I already eliminated those 3 and i'm stuck now.Need to know how to procede
Kent
 
Posts: 98
Joined: 28 February 2006

Postby tso » Sat Mar 11, 2006 7:38 pm

Kent wrote:Need help.

1)I tried forcing chain.Can i deduce like this : r1c4=3->r2c4=5-> r3c6=2->r3c7=5->r2c9=3->r1c9=2 and therefore r1c4=3.So r1c4=3.Can i deduce like this??




You cannot discuss forcing chains and x-wings without first posting a candidate grid. There's no way of knowing that we're all looking at the same position.

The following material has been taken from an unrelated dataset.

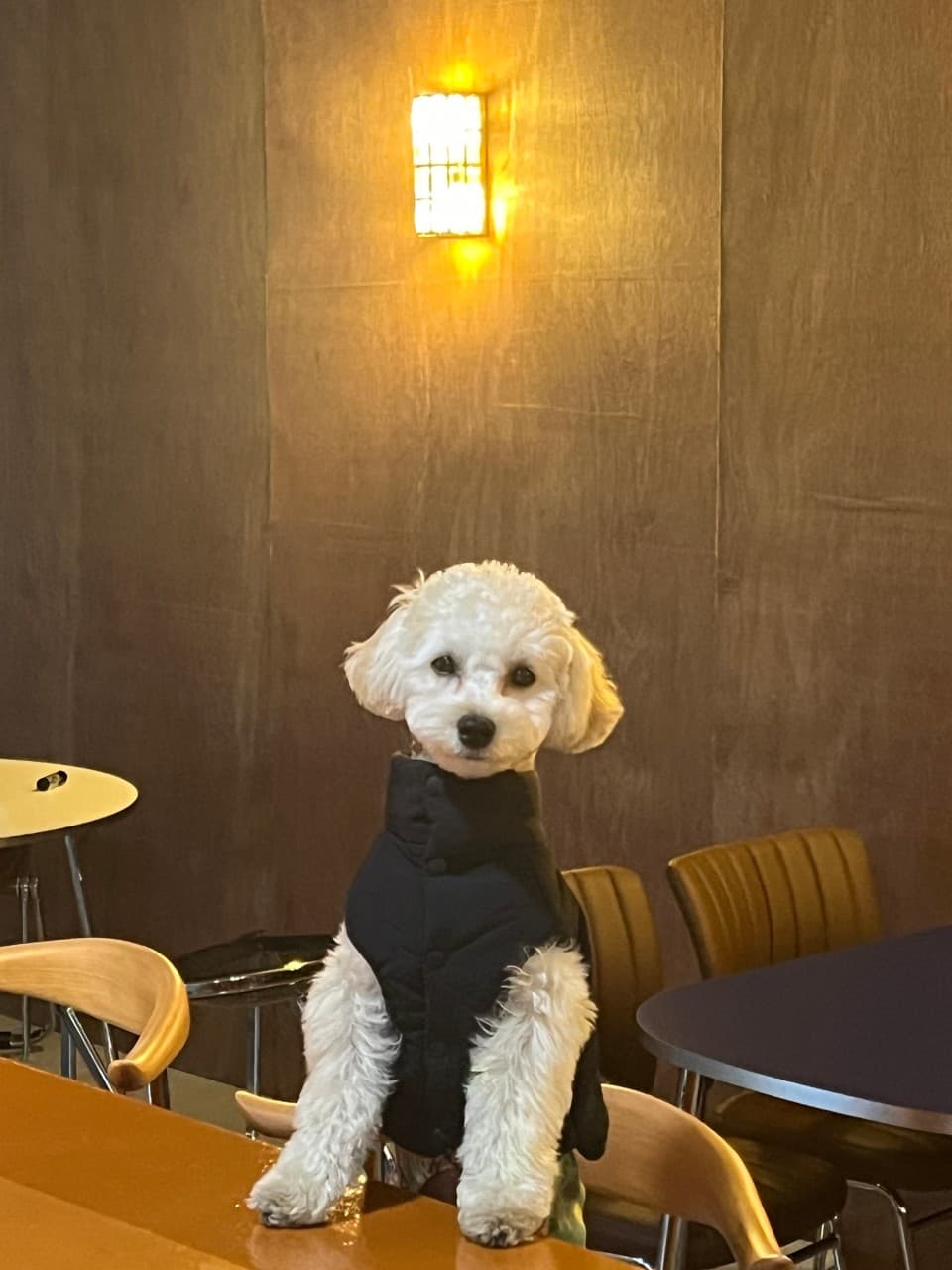 경상북도 포항시 요리주점 잔잔바리 포항 1인 다찌석. 주황색 조명 아래 검은 조끼를 입은 강아지가 나무 카운터에 앞발을 올린 혼술 분위기.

You've posted 50 times already in less than two weeks. It's time you learned how to consistantly post legible candidate grids. PLEASE read the instructions here. PLEASE click PREVIEW before SUBMIT to make sure your diagrams are legible. Make sure DISABLE BBCODE IN THIS POST is NOT checked.


Code: Select all
 5 4 9 | . 8 7 | 6 1 .
 2 7 6 | . 9 1 | 8 4 .
 1 8 3 | 4 6 . | . 9 7
-------+-------+------
 . 6 1 | . 3 . | . 7 9
 . 3 5 | . . 9 | 1 . .
 7 9 2 | . 1 . | . . .
-------+-------+------
 3 2 7 | 1 5 6 | 9 8 4
 9 1 4 | . 2 . | . 5 6
 6 5 8 | 9 . . | . . 1




Code: Select all
 *-----------------------------------------------------------*
 | 5     4     9     | 23    8     7     | 6     1     23    |
 | 2     7     6     | 35    9     1     | 8     4     35    |
 | 1     8     3     | 4     6     25    | 25    9     7     |
 |-------------------+-------------------+-------------------|
 | 48    6     1     | 258   3     25    | 245   7     9     |
 | 48    3     5     | 2678  47    9     | 1     26    28    |
 | 7     9     2     | 568   1     48    | 345   36    58    |
 |-------------------+-------------------+-------------------|
 | 3     2     7     | 1     5     6     | 9     8     4     |
 | 9     1     4     | 78    2     38    | 37    5     6     |
 | 6     5     8     | 9     47    34    | 237   23    1     |
 *-----------------------------------------------------------*


You ask so many questions at once and do not seem to be reading the answers.

To use a forcing chain, ALL possibilites -- not ONE, not SOME -- must lead the the SAME conclusion. You specifically asked this same question before and were told "no".

Consider this:

[12][23]
[14][34]

r1c1=1 -> r2c1=4 -> r2c2=3 -> r1c2=2 -> r1c1=1

From this, you want to conclude that r1c1=1. You cannot. You have followed only ONE of two paths. You have found no contradiction. If we allow this sort of leap, then what do we make of this:

r1c1=2 -> r1c2=3 -> r2c2=4 -> r2c1=1 -> r1c1=2

IF an assumption leads to a contradiction, that assumption can be excluded. If there is no contradiction, there is no deduction. That's basic proof by contradiction.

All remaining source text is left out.